- **INSTRUCTIONS TO FOLLOW**
Copy out exactly, and only, the lines from the one containing "Lindsey Graham is in HOT WATER." through the end of the entries. No pictures.

━━━ EXERCISE INPUTS ━━━

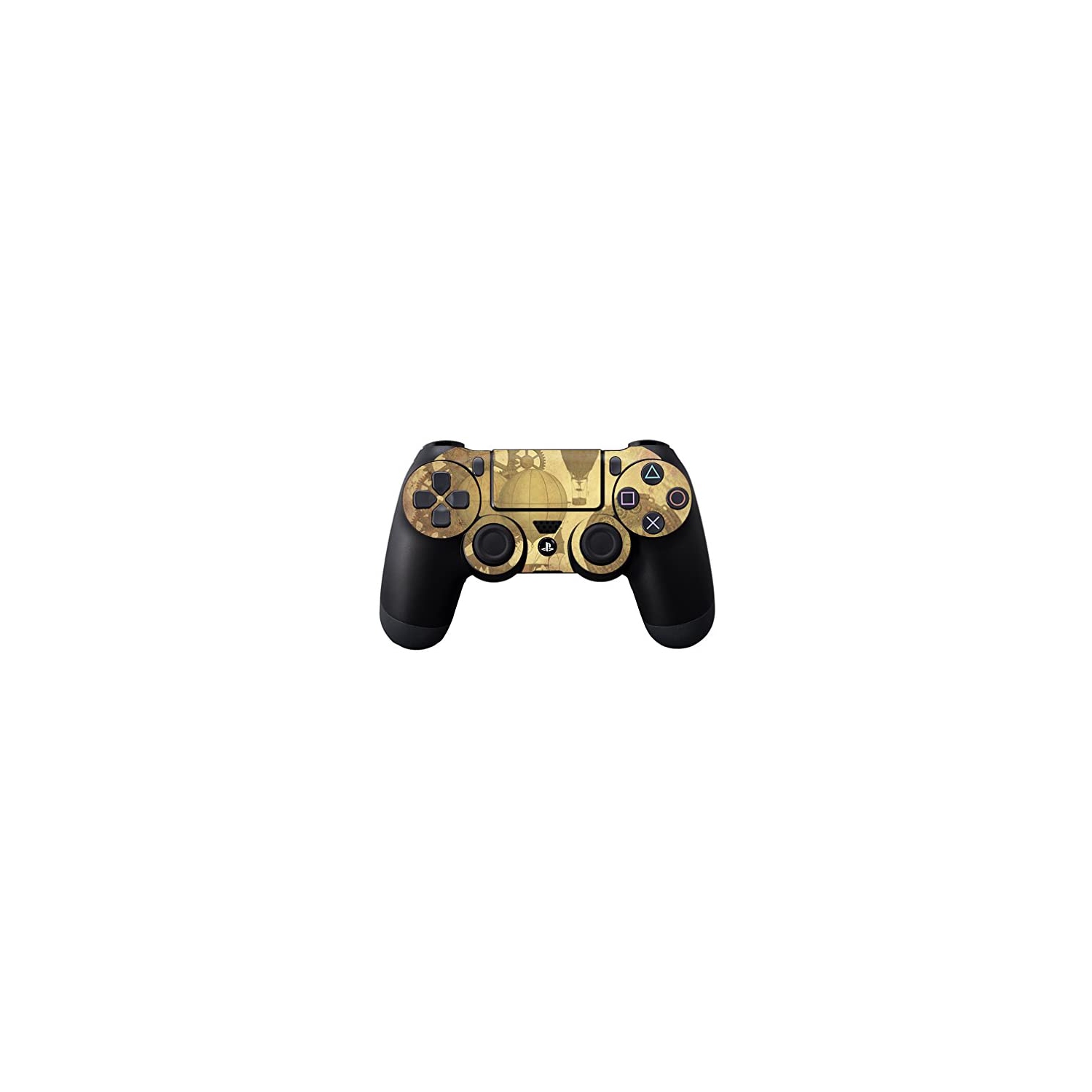 MightySkins Skin Compatible With Sony PS4 Controller - Steam Punk Paper | Protective, Durable, and Unique Vinyl Decal wrap cover | Easy To Apply, Remove, and Change Styles | Made in the USA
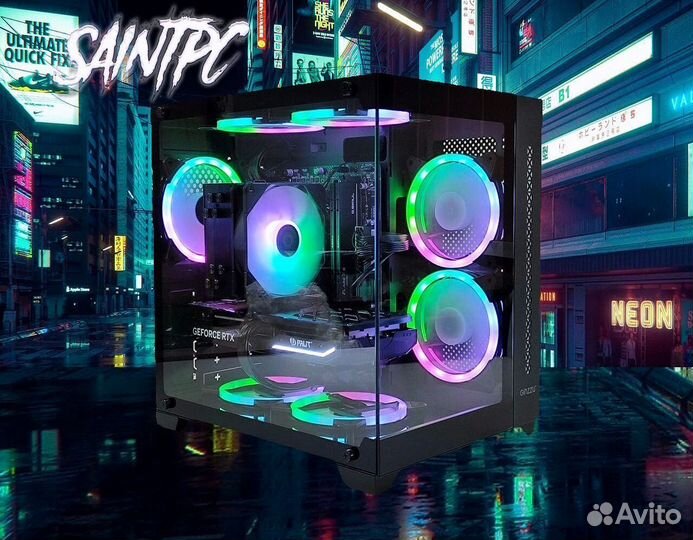 Игровой пк на видеокарте RX и i3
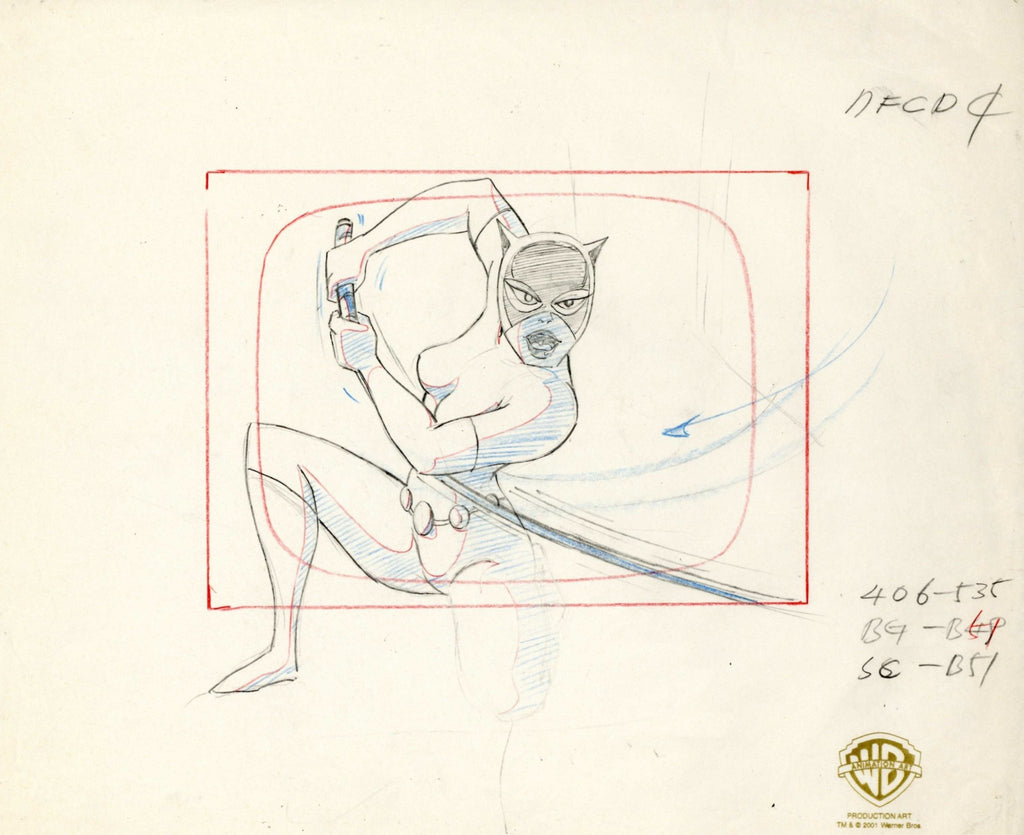 Batman The Animated Series Original Production Drawing: Catwoman - Choice Fine Art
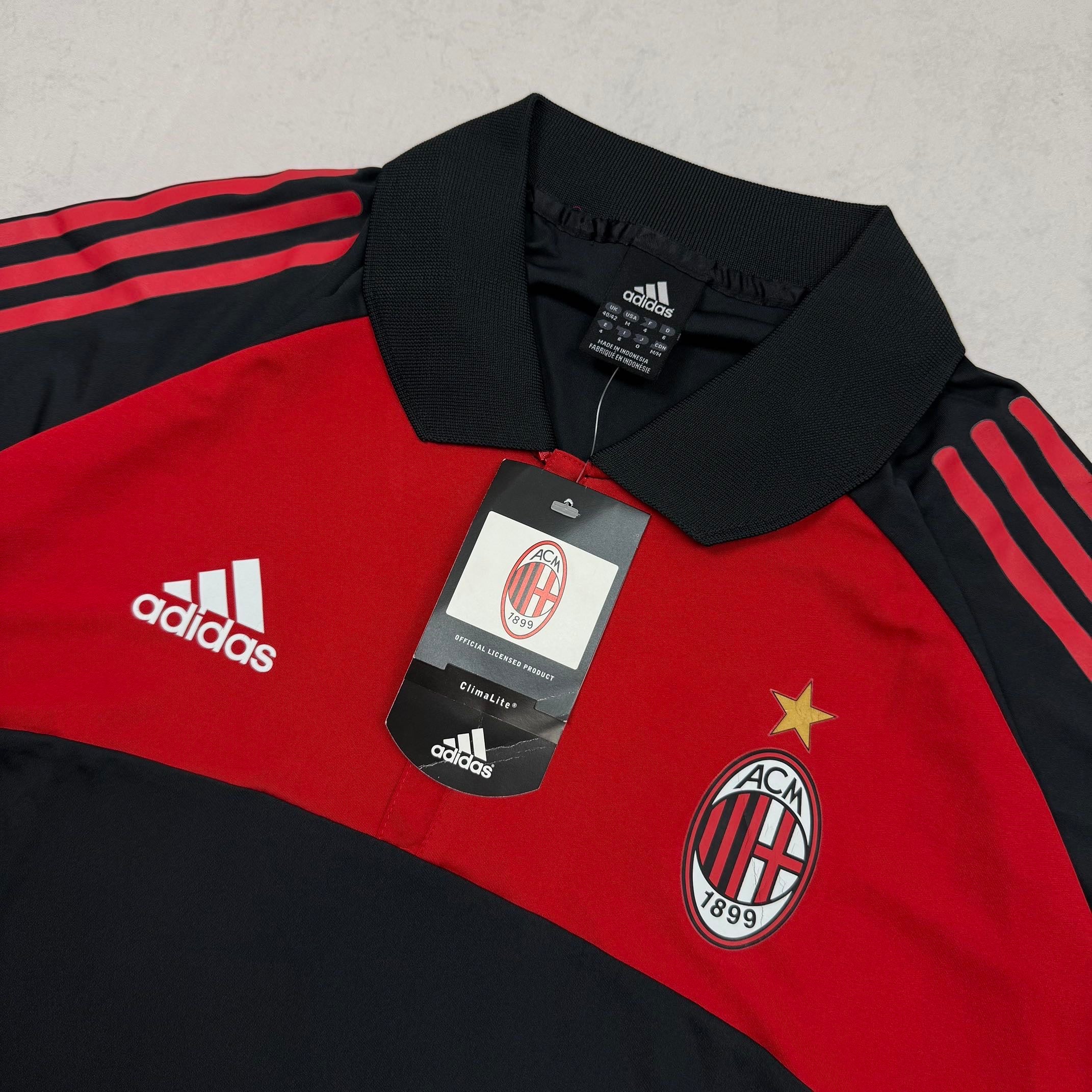 Adidas AC Milan 2003 Poloshirt L NEW WITH TAGS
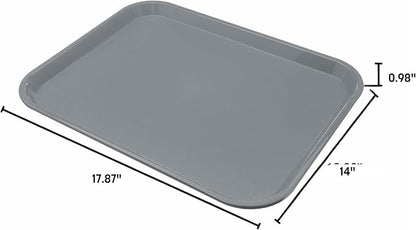 Carlisle FoodService Products Cafe Plastic Fast Food Tray, 14" x 18", Beige, (Pack of 12)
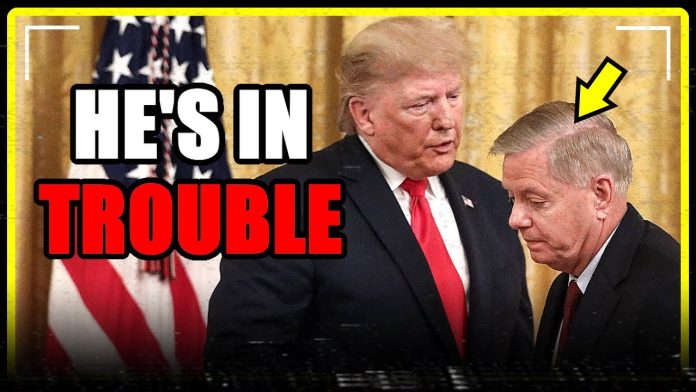 Lindsey Graham is in HOT WATER.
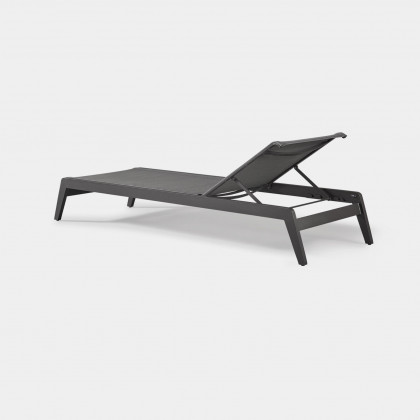 Harbour Pacific Aluminum Angled Sun Lounge - Aluminum Asteroid / Batyline Silver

━━━

- **ANSWER FOR THE TASK**
 Lindsey Graham is in HOT WATER.
 Harbour Pacific Aluminum Angled Sun Lounge - Aluminum Asteroid / Batyline Silver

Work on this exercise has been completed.